• Directions
Would you repeat the listing exactly but omit every picture?
=== Recorded information ===
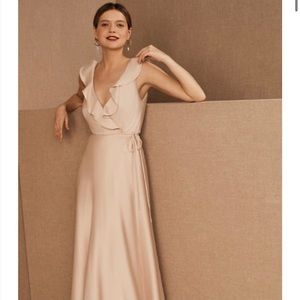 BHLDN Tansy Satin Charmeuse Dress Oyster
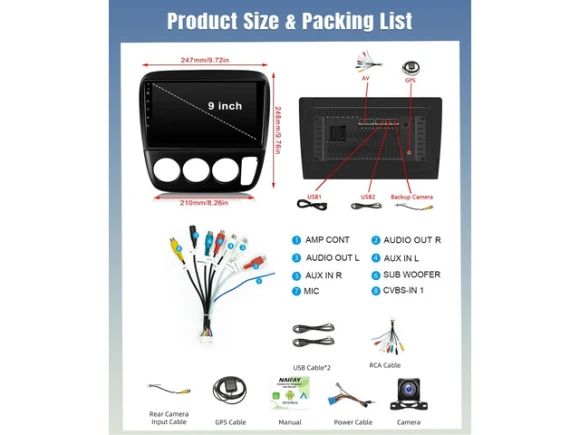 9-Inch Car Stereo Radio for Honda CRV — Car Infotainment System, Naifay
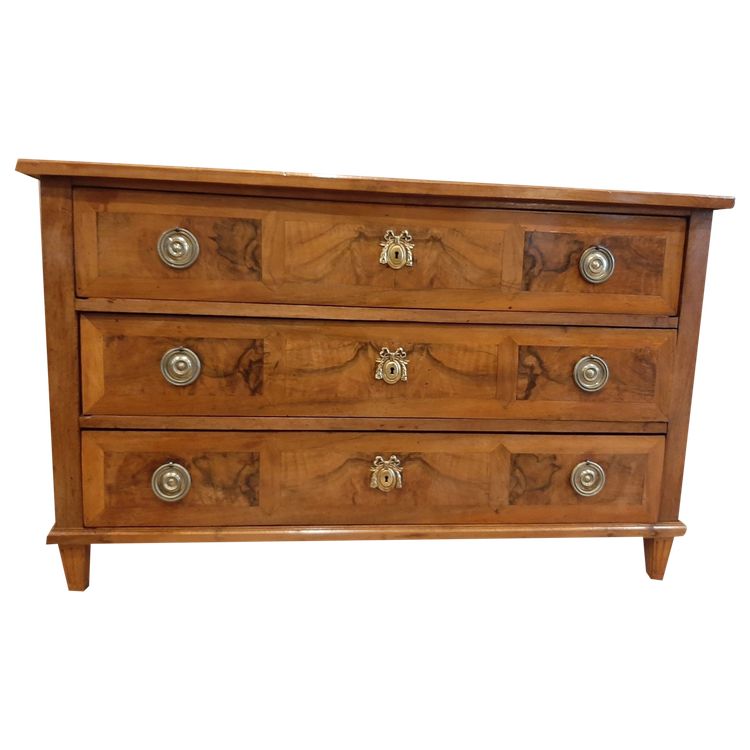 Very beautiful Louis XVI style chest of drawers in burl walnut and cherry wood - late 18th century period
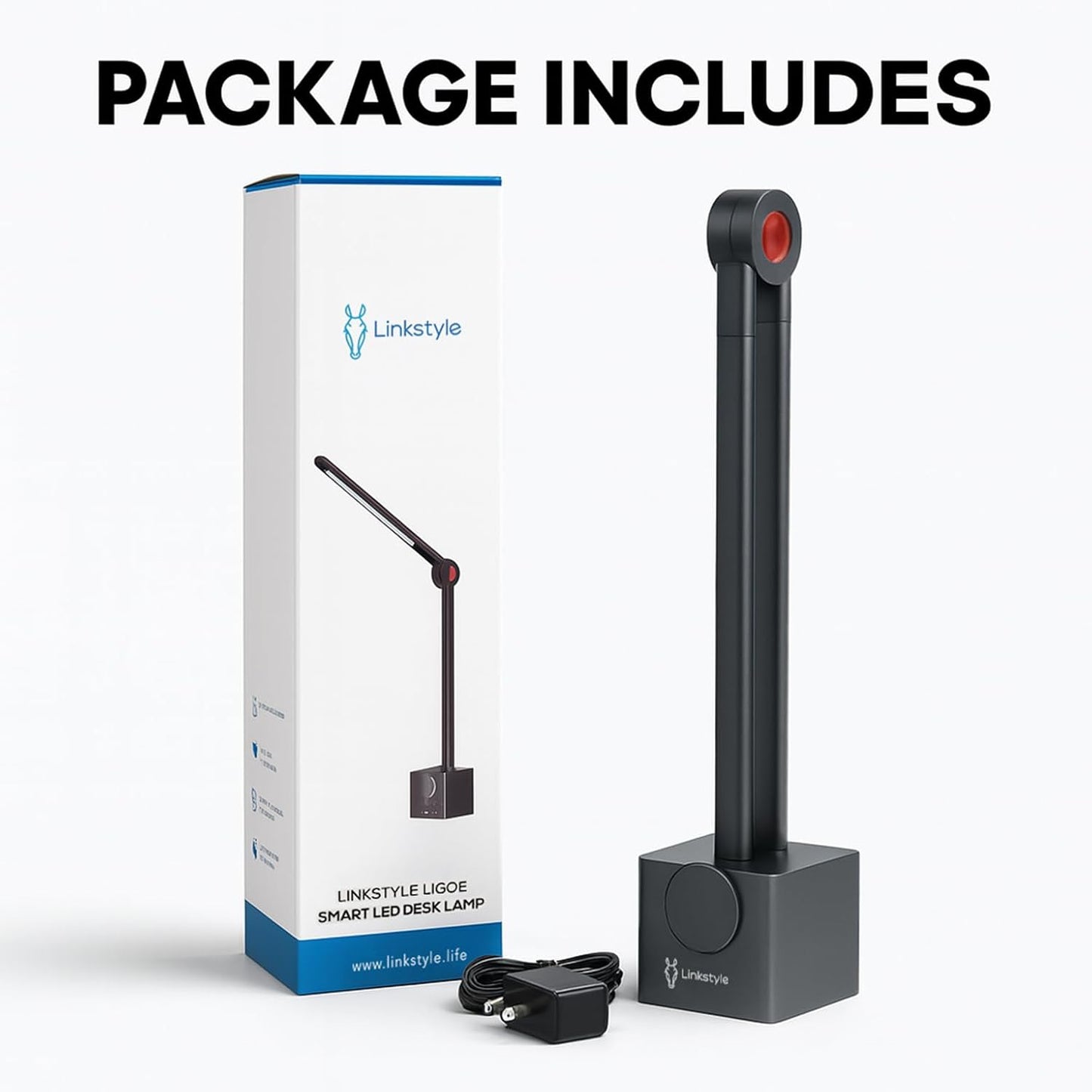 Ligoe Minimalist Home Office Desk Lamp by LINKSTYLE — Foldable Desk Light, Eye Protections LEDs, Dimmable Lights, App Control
===
• Response below
 BHLDN Tansy Satin Charmeuse Dress Oyster
 9-Inch Car Stereo Radio for Honda CRV — Car Infotainment System, Naifay
 Very beautiful Louis XVI style chest of drawers in burl walnut and cherry wood - late 18th century period
 Ligoe Minimalist Home Office Desk Lamp by LINKSTYLE — Foldable Desk Light, Eye Protections LEDs, Dimmable Lights, App Control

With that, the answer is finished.